Hi Martin,
As I said earlier, launching a Process when process is not implemented
is not a recoverable condition; there are no conditions under which it will
succeed. If the application is probing to determine what
is supported on a platform then it should be prepared to handle UOE
or using a test for the specific capability it requires.
Roger
On 2/20/2015 1:34 PM, Martin Buchholz wrote:
One reason I keep pouring salt on this tiny wound is that throwing
(unchecked) UOE for system-dependent failures when normally IOE is thrown
is a fundamental design mistake for java and its checked exception design.
I think it violates Josh's Effective Java Item 58: Use checked exceptions
for recoverable conditions and runtime exceptions for programming errors.
I don't think it's worth fixing places in jdk8 where this small mistake was
made, but we can at least stop the incompatible worsening of existing APIs.

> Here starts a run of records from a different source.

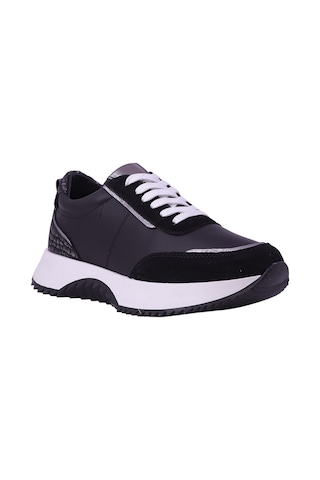 Hobby Ayakkabı Hobby Kadın Hakiki Deri Leopar Detaylı Kalın Tabanlı Sneaker Ayak Siyah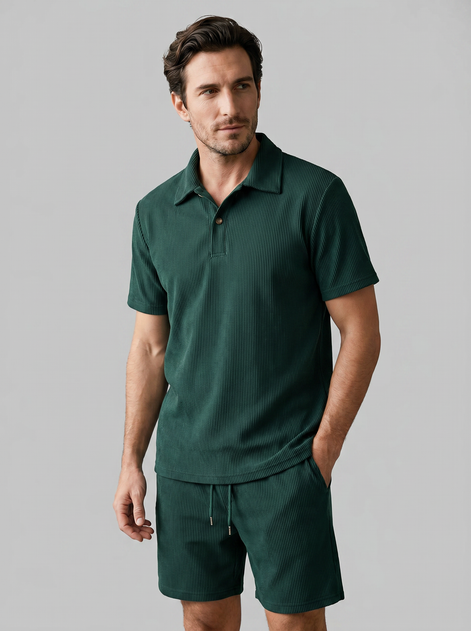 Herren Korduroy Polohemd Und Shorts Outfit Set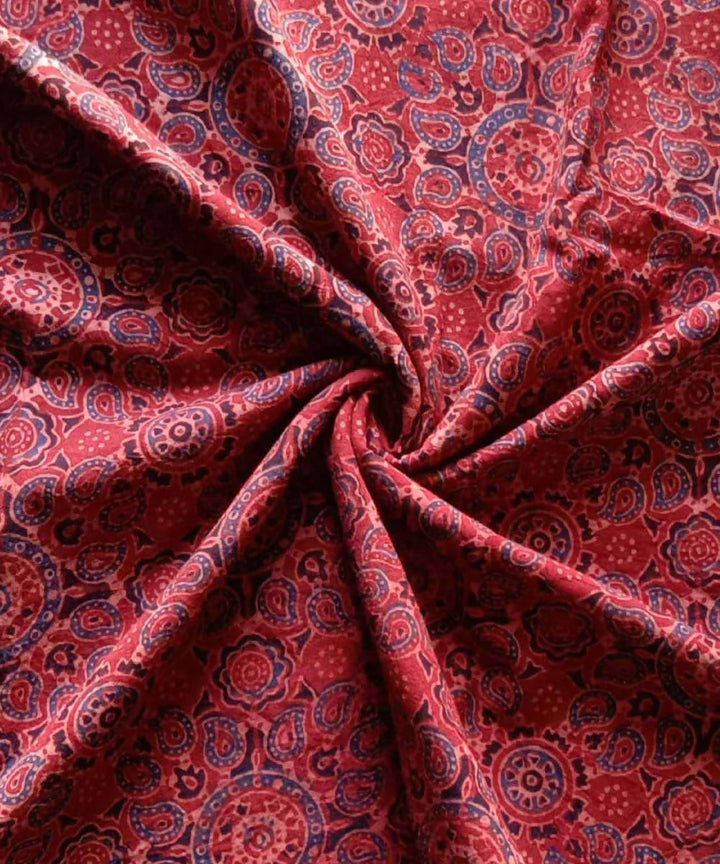 Red black blue natural dye ajrakh print handspun cotton fabric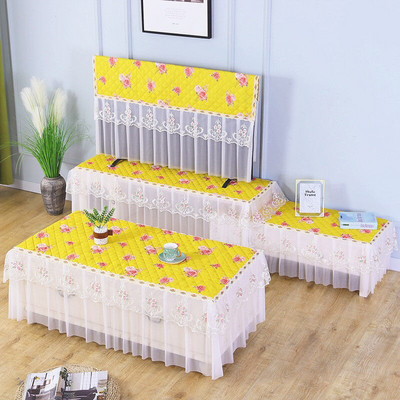 Față de masă pentru decorațiuni de nuntă Husă TV LCD din dantelă Husă de praf, dreptunghiulară, lavabilă, rezistentă la praf, Decor pentru petrecere.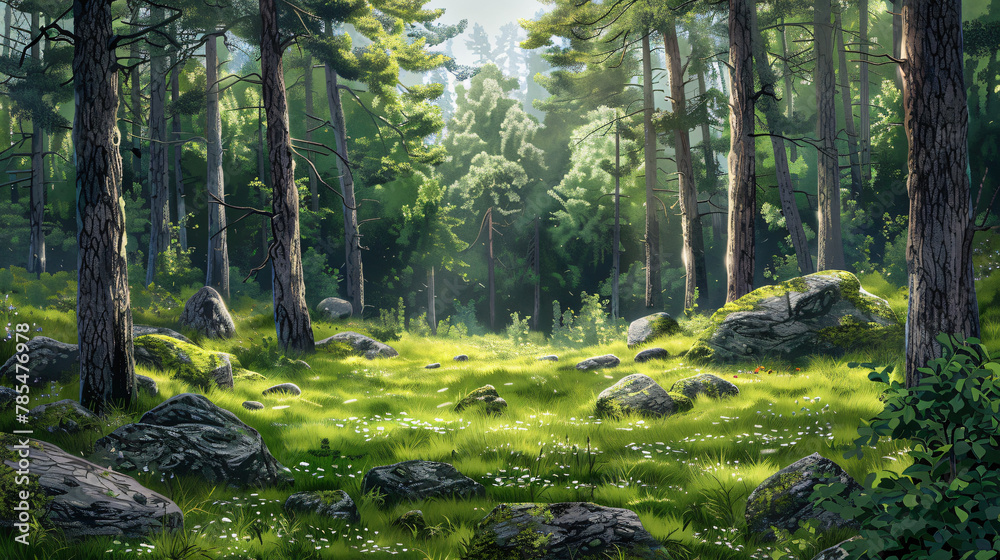 Summer forest with glade green grass rocks and trees. - obrazy, fototapety, plakaty 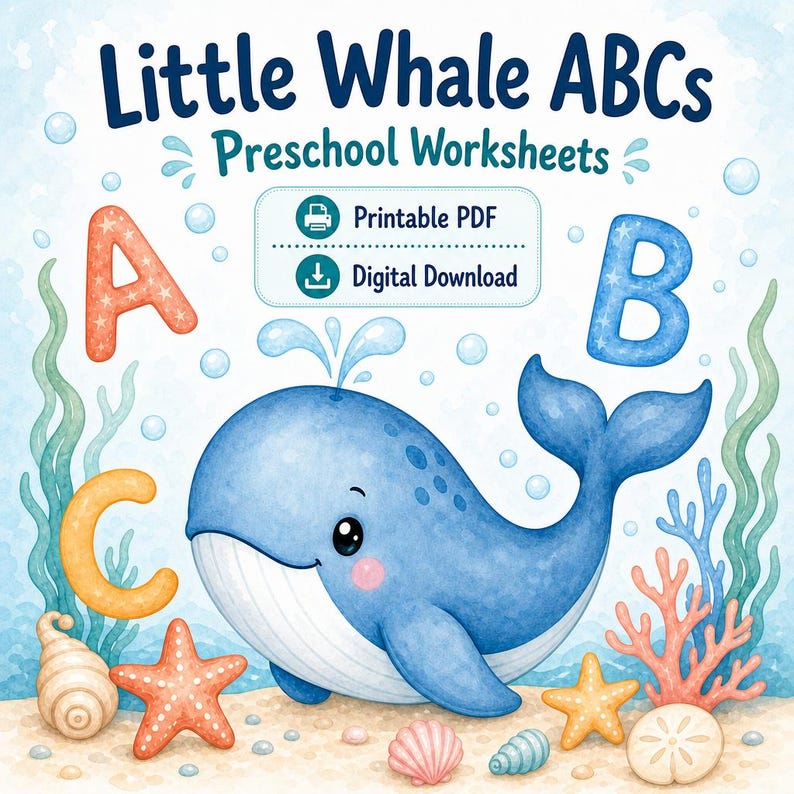 Little Whale ABCs | Preschool Worksheets | Printable PDF | Digital Download image 1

On Fri, Feb 20, 2015 at 3:49 AM, Alan Bateman <alan.bate...@oracle.com>
wrote:
On 19/02/2015 21:54, Jason Mehrens wrote:
I'm assuming that compatibility is given more weight vs. correcting
choices made in the original design.
Yes, I think we've spent more than enough time on it. In this case it's
for a major release only and the compatibility impact seems to be only
platforms or implementations that don't support launching of processes
today but are running applications that attempt to start processes anyway.
So overall it doesn't seem to be something to be overly concerned with.